(What is needed) Once the line containing "Renault Grand Scenic - fotka číslo 4" is found in the entries below, reproduce it and every line after it, stopping at and including the line containing "Aptos, CA 95003"; reproduce nothing else, and keep each line exact.

(Data under study)
====================
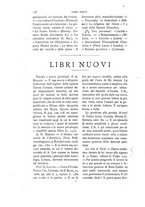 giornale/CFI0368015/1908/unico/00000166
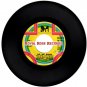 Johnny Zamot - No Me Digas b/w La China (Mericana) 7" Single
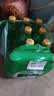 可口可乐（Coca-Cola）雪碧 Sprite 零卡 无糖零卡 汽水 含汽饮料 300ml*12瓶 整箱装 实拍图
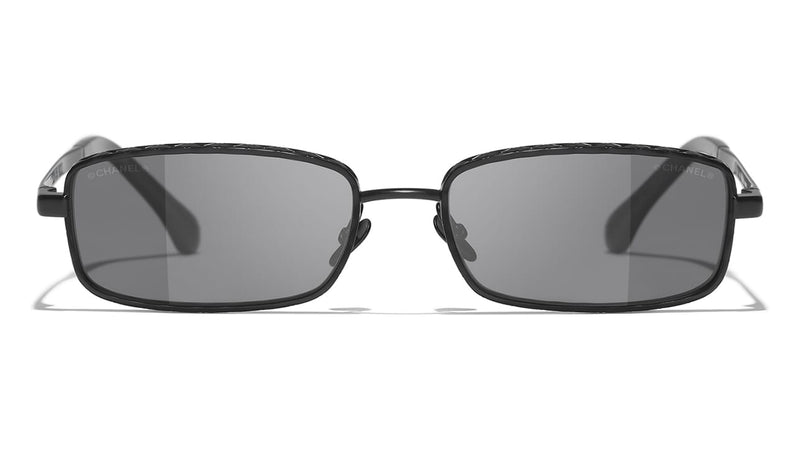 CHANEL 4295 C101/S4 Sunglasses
====================
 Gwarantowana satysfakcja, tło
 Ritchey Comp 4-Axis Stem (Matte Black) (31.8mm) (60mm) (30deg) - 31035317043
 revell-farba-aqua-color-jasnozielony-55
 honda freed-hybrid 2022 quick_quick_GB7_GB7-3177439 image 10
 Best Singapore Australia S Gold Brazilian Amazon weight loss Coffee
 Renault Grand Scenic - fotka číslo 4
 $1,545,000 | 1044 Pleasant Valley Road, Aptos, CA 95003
====================
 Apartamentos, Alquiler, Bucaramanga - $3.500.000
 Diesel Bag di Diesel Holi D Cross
====================
(Result of the exercise)
 Renault Grand Scenic - fotka číslo 4
 $1,545,000 | 1044 Pleasant Valley Road, Aptos, CA 95003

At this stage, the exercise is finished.